Sotto il Centroamerica cinque placche, la zona più esposta alle potenti scosse

All’origine del forte terremoto messicano di magnitudo 7.1 del 19 settembre scorso, come avviene per tutti i terremoti, ci sono i moti delle placche tettoniche. La crosta messicana subisce le conseguenze delle interazioni di ben cinque placche: quella nord americana, quella sud americana, la Cocos, la Nazca e, più a distanza, la placca caraibica. Le placche sono porzioni estese della listosfera. Con litosfera chiamiamo il guscio solido che racchiude tutto il nostro Pianeta. Ha uno spessore, molto variabile, di alcune decine di chilometri: contiene la crosta e la parte superiore, solida, del cosiddetto mantello terrestre. Le placche sono enormi zatteroni in perenne movimento che, benché lentamente, sono in grado di deformare particolari zone della crosta. Grazie allo studio organizzato della attività sismica planetaria, queste zone, le zone sismiche, sono ormai molto ben identificate. Le zone sismiche sono i luoghi dove si verificano i terremoti. I terremoti accadono perché il processo di deformazione delle zone dette non può durare all’infinito: a un certo punto si arriva allo sviluppo e alla rapida propagazione di una frattura. 
ACCUMULI DI ENERGIA
Un terremoto, piccolo o grande che sia, altro non è che la propagazione rapida di una frattura nelle rocce litosferiche. Più grande la frattura più grande il terremoto.

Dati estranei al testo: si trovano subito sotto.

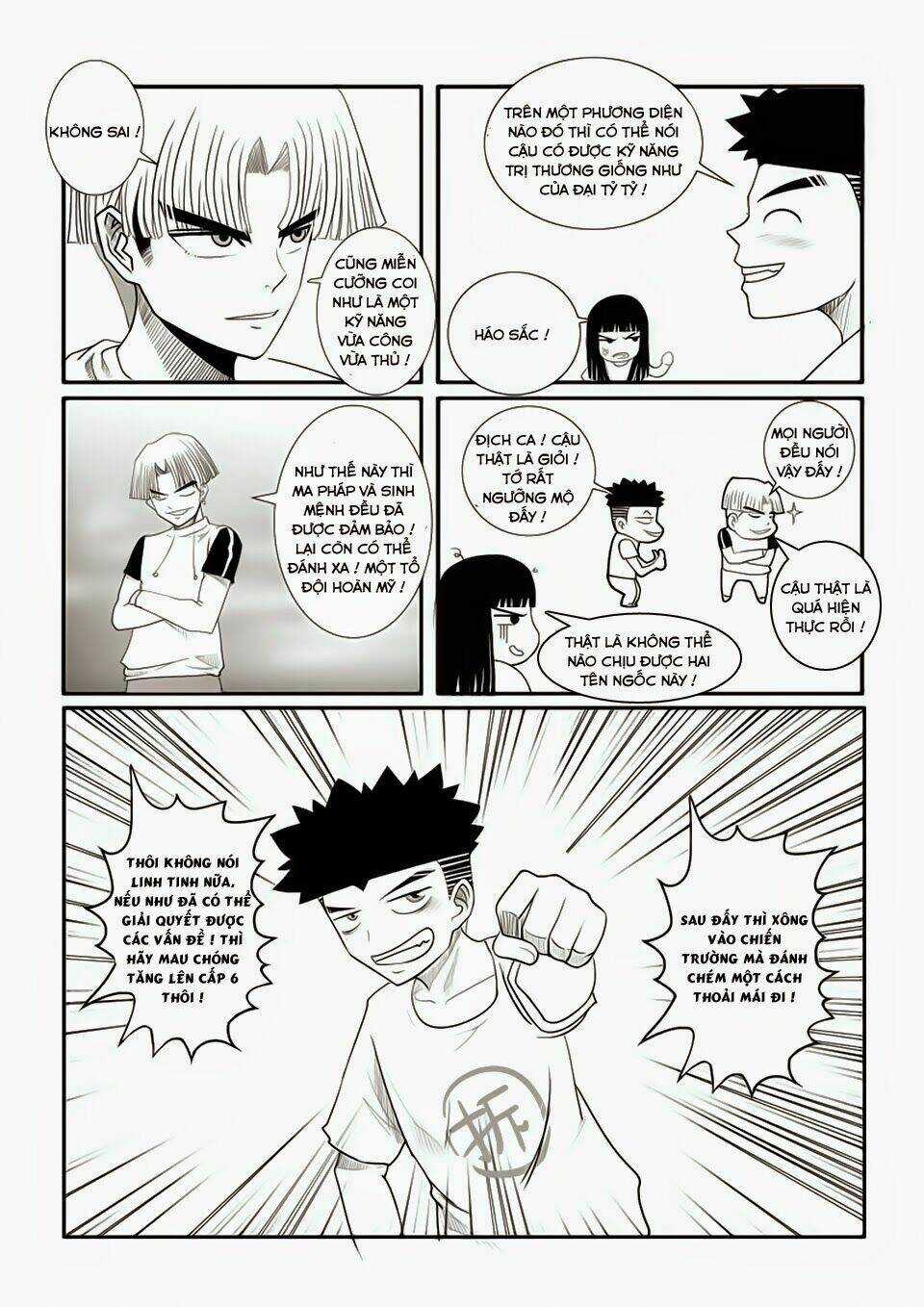 Trò Chơi Siêu Thần - Chapter 17.1 - Trang 4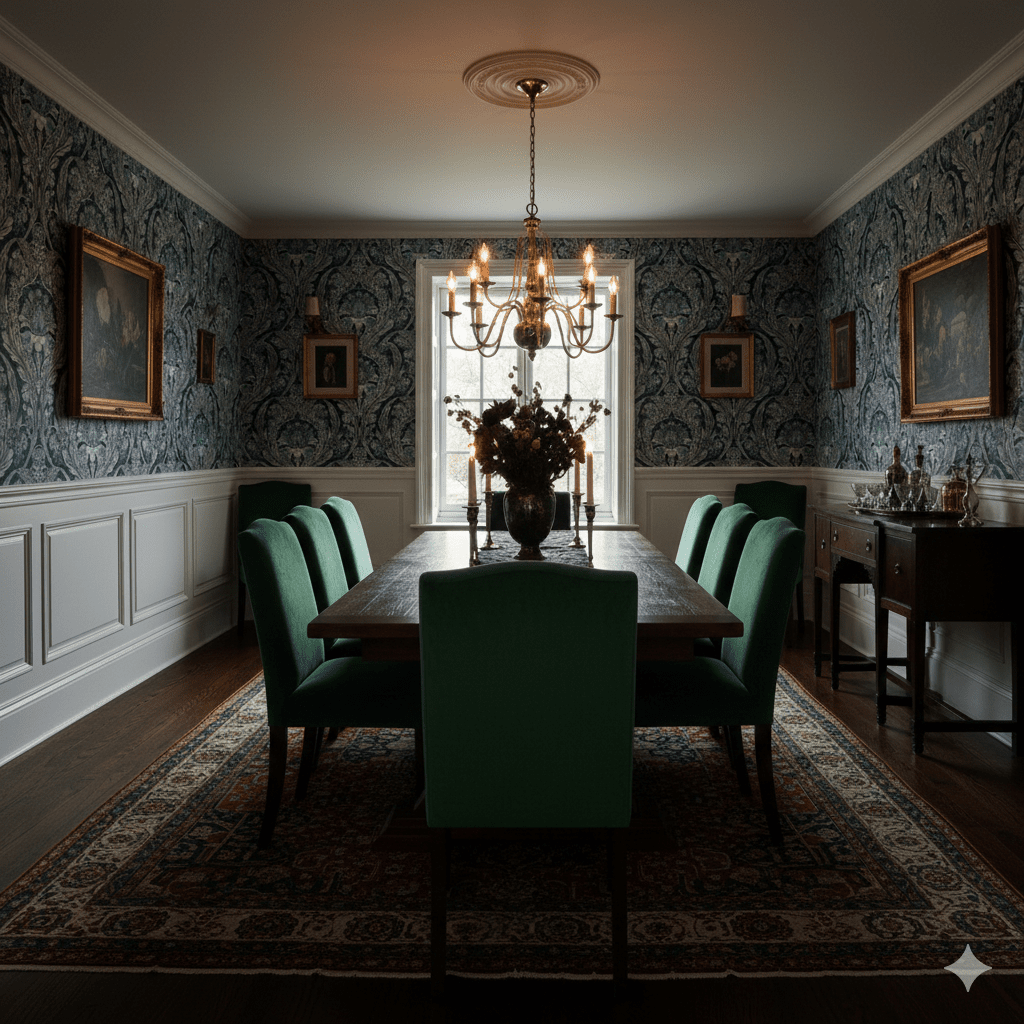 Morrissey Vintage Peel and Stick Wallpaper MFW10802 - Mayflower Wallpaper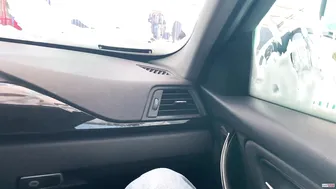 Candy Kitty  hot lady passionately pulls pussy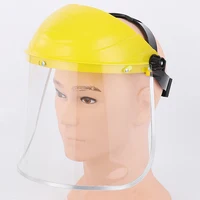 Transparent Full Face Shield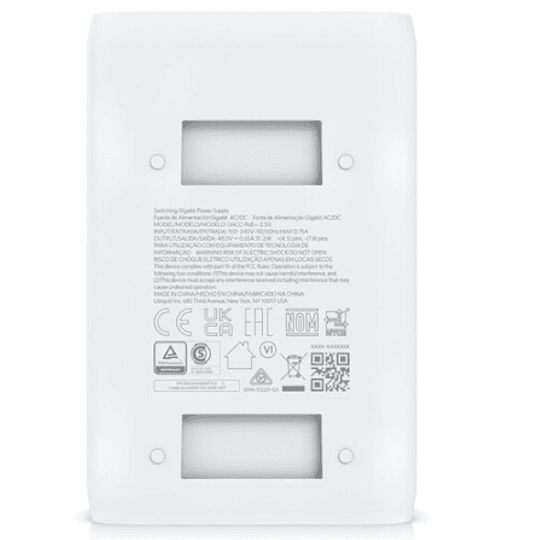 Adaptador PoE+ 2.5G de Ubiquiti Networks 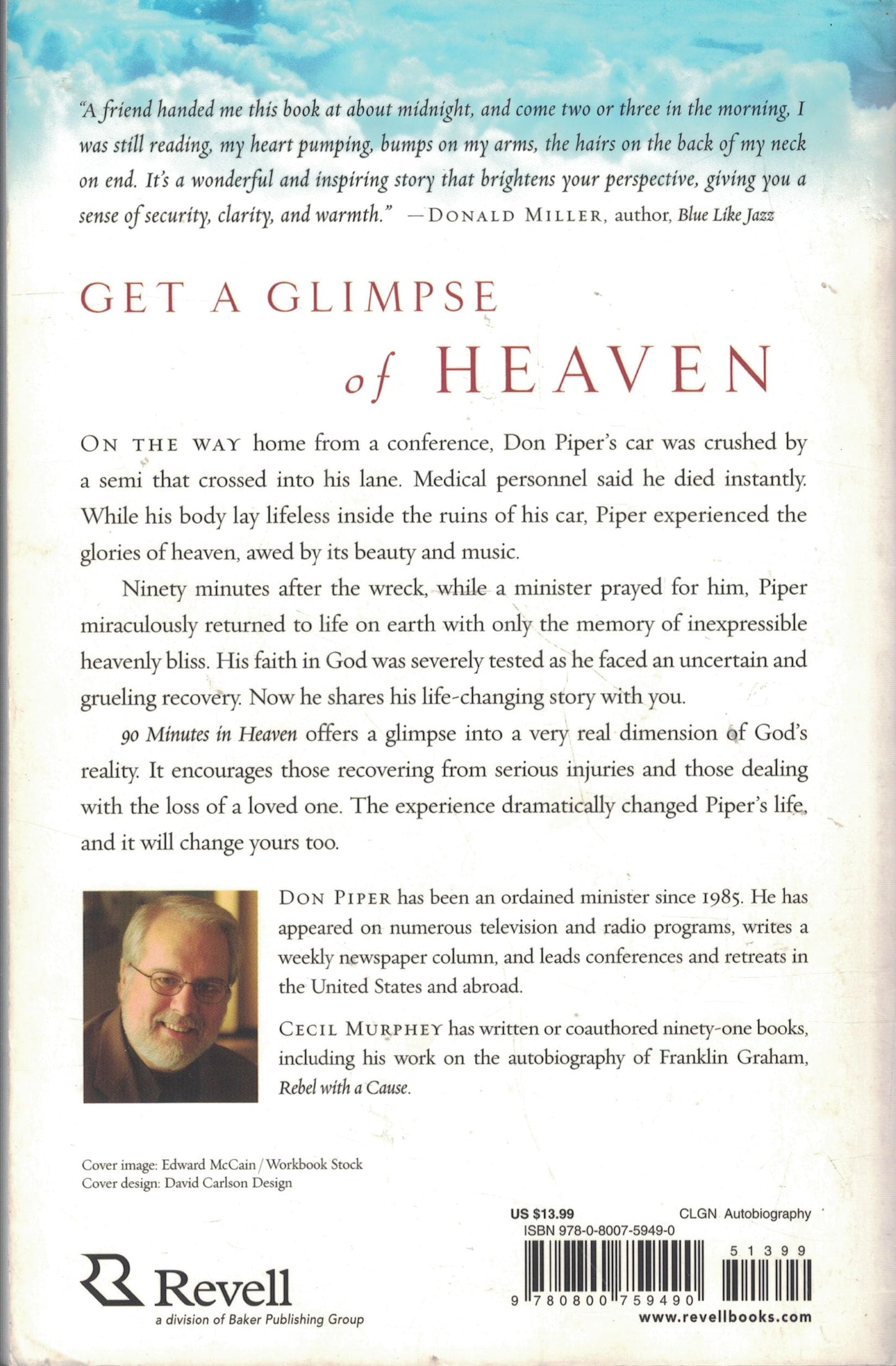 90 Minutes in Heaven: A True Story of Death and Life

La grande quantità di energia, accumulatasi negli anni se non nei secoli precedenti nella zona epicentrale, si libera nel giro di poche decine di secondi, al massimo qualche minuto, sotto forma di onde meccaniche, le onde sismiche, in grado di devastare edifici mal costruiti e creare enormi problemi di varia natura per le popolazioni. Come dicevamo ben cinque placche influiscono sulla deformazione della litosfera messicana: il Messico e praticamente tutta l’America centrale sono una vera e propria fucina di terremoti devastanti. Tutti ricorderanno che solo due settimane fa, il 7 settembre, un altro terremoto di magnitudo 8.2 si è verificato al largo della costa occidentale messicana. Sempre il 19 settembre, nel 1985, si era verificato un terremoto ancora più devastante, di magnitudo 8.5, che provocò danni molto ingenti a Città del Messico. 

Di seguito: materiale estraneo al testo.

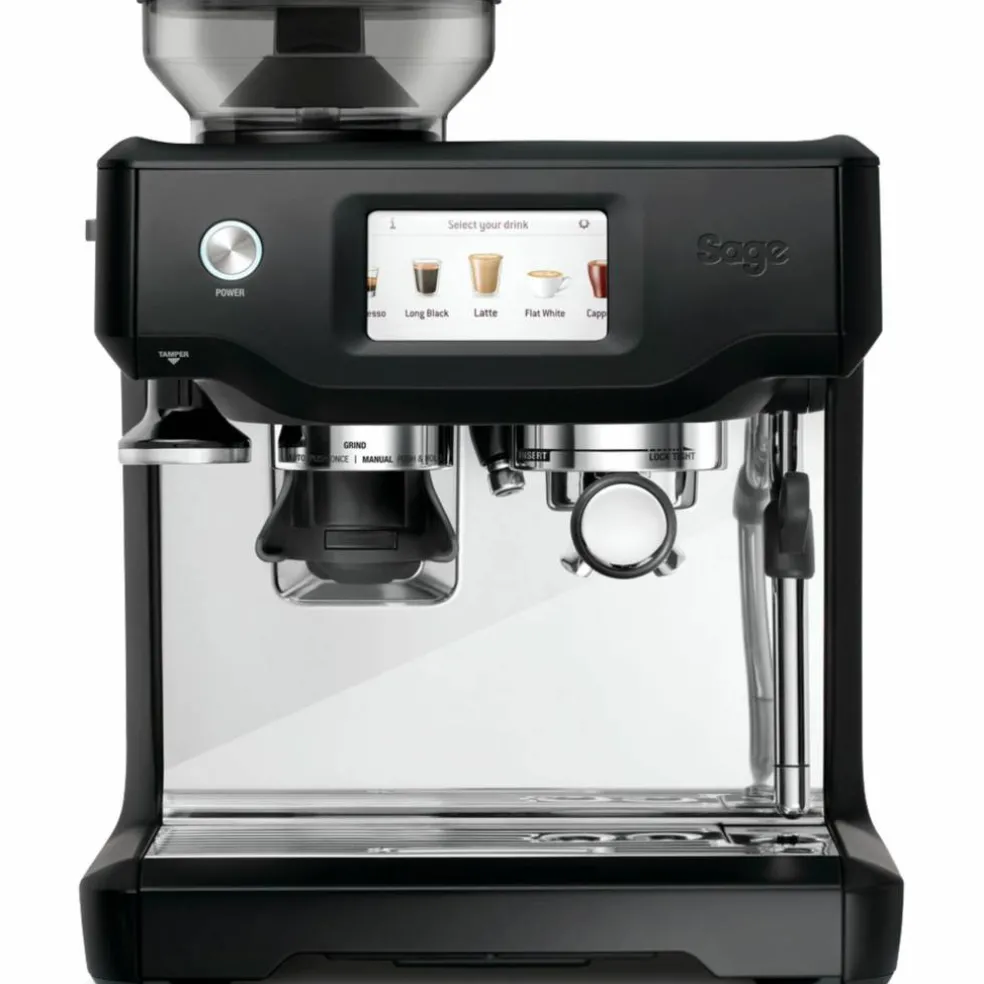 SES880BST The Barista Touch Espressomaskin, koksgrå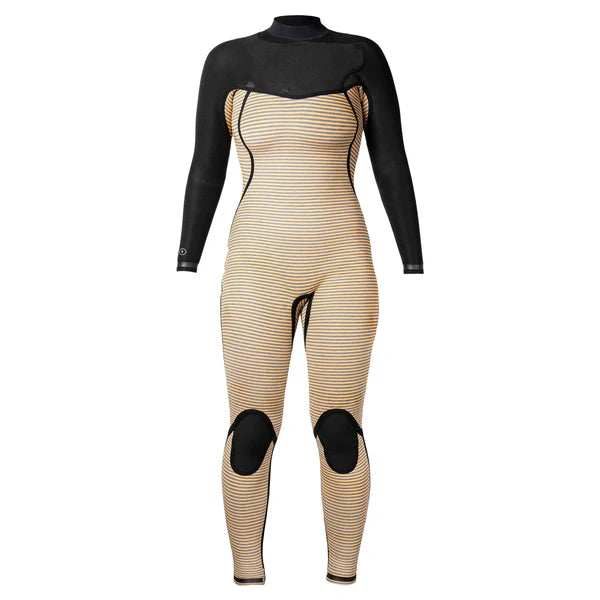 Women's Comp+ Full Wetsuit 4/3mm - Black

Nazca e Cocos, le due placche pacifiche nel senso che coincidono con parte del fondo dell’Oceano Pacifico, spingono verso est le due placche americane che, insieme alla placca caraibica, oppongono loro una decisa resistenza. Nazca e Cocos però sono tutt’altro che pacifiche nel senso etimologico del termine, continuano a spingere con forza, addirittura con una velocità dell’ordine degli 8 cm all’anno, e trovando la strenua opposizione delle placche americane si infilano sotto di esse coinvolgendo enormi quantità di energia che portano al verificarsi di terremoti, allo sviluppo di vulcani, a creazioni di fosse oceaniche e catene montuose. 
IMPOSSIBILI DA PREVEDERE
Si noti che lo spostamento di oggetti con dimensioni lineari dell’ordine di qualche migliaio di chilometri e di diverse decine di spessore alla velocità si 8 cm all’anno è una cosa enorme. Per intendersi immaginiamo di spostare di 7 cm tutta la Germania rispetto a tutta la Francia in un anno per uno spessore dell’ordine delle decine di chilometri. 
I terremoti che qui abbiamo ricordato sono frutto degli stessi processi e indubbiamente esiste un legame fra di loro. 

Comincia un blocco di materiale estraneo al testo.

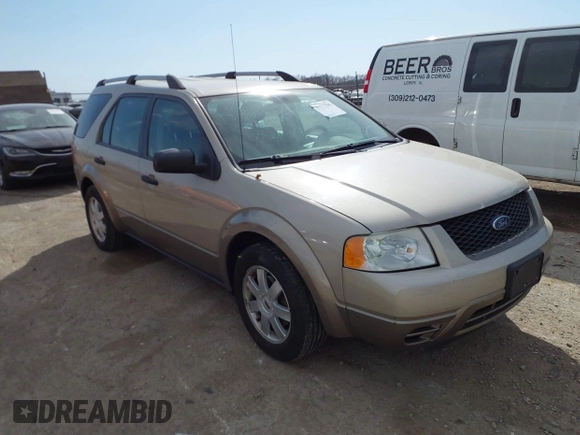 2005 Ford Freestyle SE with VIN 1FMZK01195GA48566, listed as a IAAI auction lot 41773209 with 139,037 mi miles. Bid and sale history available at carsss.com. Image 1.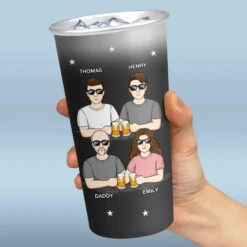 We'll Always Be Your Little Kids - Family Personalized Custom Aluminum Changing Color Cup - Father's Day, Gift For Dad, Grandpa 7 We'll Always Be Your Little Kids - Family Personalized Custom Aluminum Changing Color Cup - Father's Day, Gift For Dad, Grandpa -Pawfect House Store 66472e5e28e21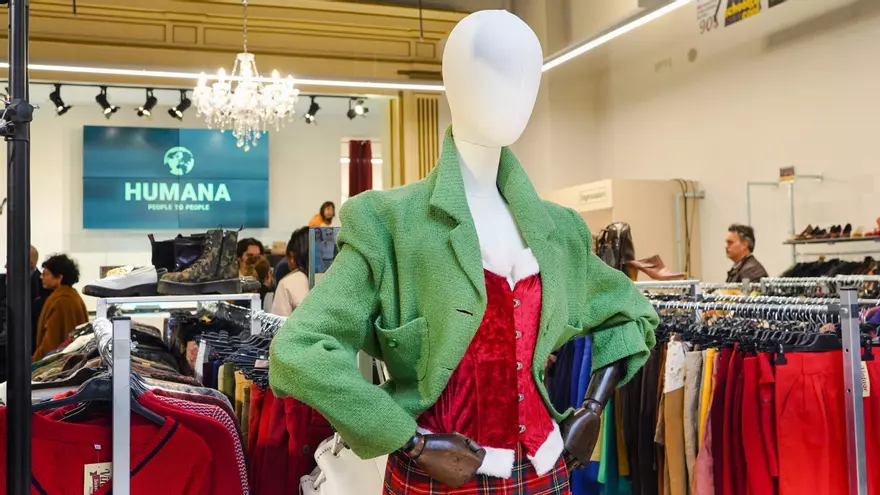 Solo un 1,7% de las tiendas de moda están centradas en la segunda mano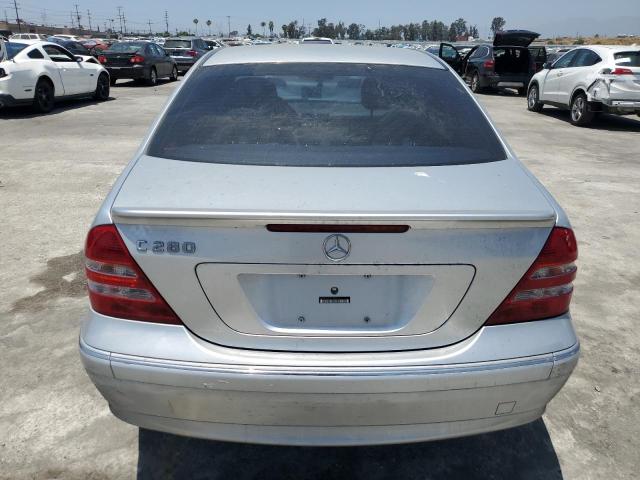 2007 Mercedes-Benz C 280 VIN: WDBRF54H67F854418 Lot: 57516264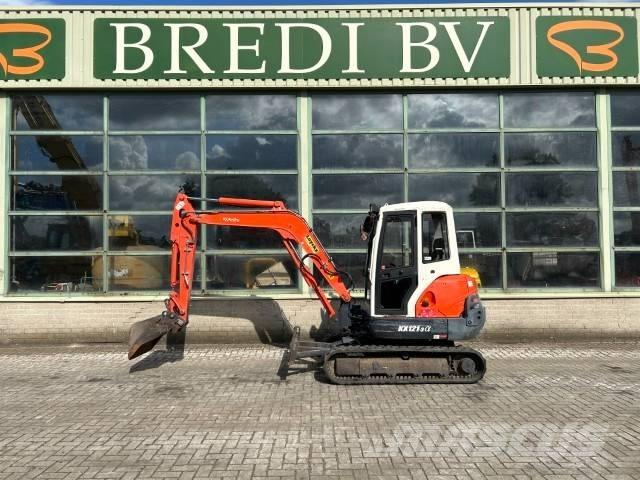 Kubota KX 121-3 Minibagger < 7t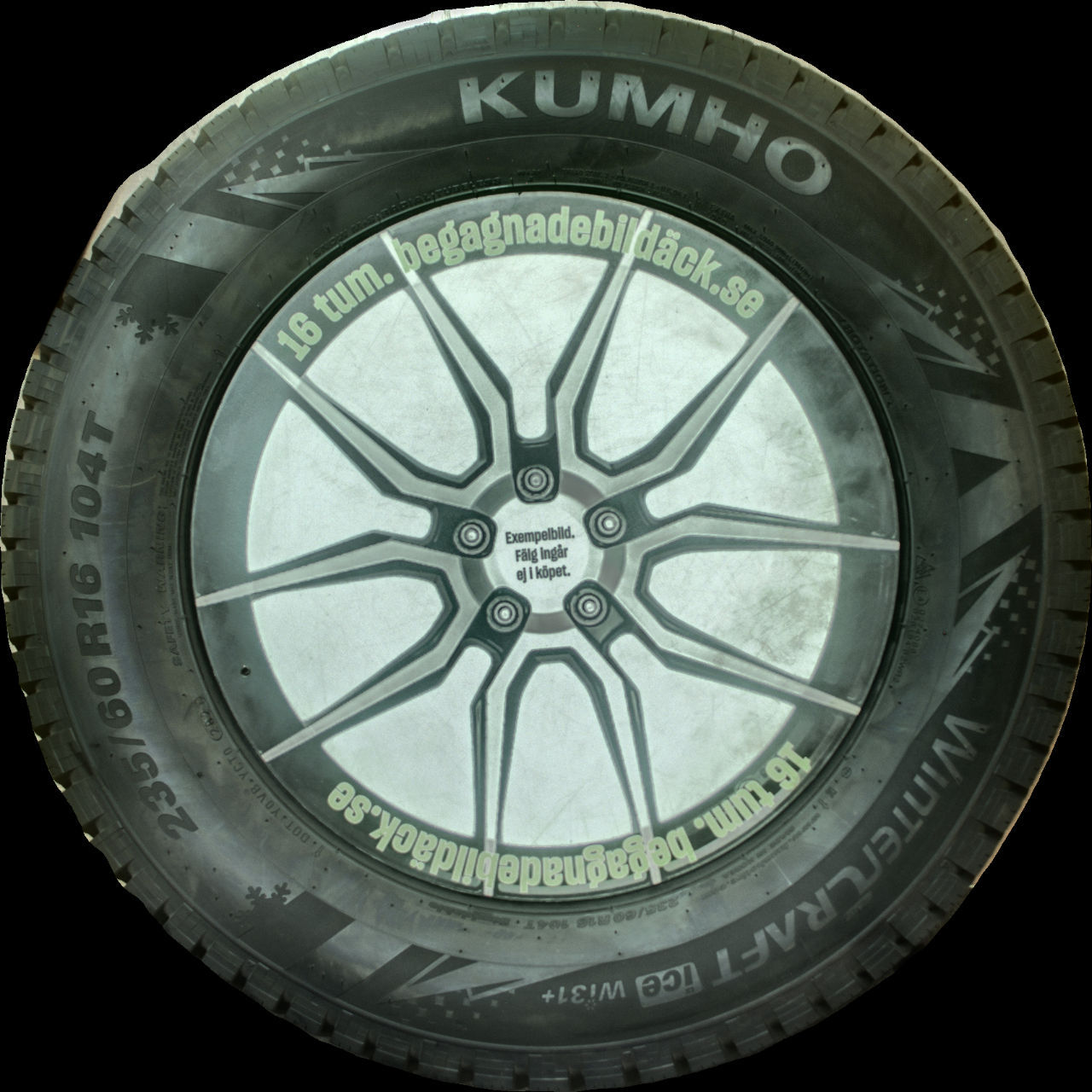 NYBEG Kumho Wi31 235/60R16 ( 1 st )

Tuttavia non siamo in grado di descrivere in maniera quantitativa questo legame perché i processi fisici che lo determinano non sono accessibili alla nostra osservazione diretta. Inoltre è ancora troppo breve l’intervallo di tempo, pochi decenni, di dati disponibili sul verificarsi di questi fenomeni per potere fare illazioni ragionevoli sui comportamenti futuri di quest’area, che comunque sarà sempre estremamente sismicamente attiva nei millenni a venire. Un’ultima considerazione. La cosa che non può non colpire un sismologo italiano, fra le tante notizie che giungono dal drammatico terremoto messicano, è la tragedia della scuola Enrique Robsamen di Capa crollata ieri sera, dove si sa che sono morti 21 bambini e quattro adulti, purtroppo numeri destinati ad aggravarsi. È Il terremoto di San Giuliano di Puglia dell’ottobre del 2002 che tristemente torna subito alla mente. Chi lo ha vissuto non può dimenticarne la profonda emozione e non può ancora una volta non far presente che almeno le scuole e gli ospedali devono essere messi in sicurezza al più presto proprio qui da noi, in Italia.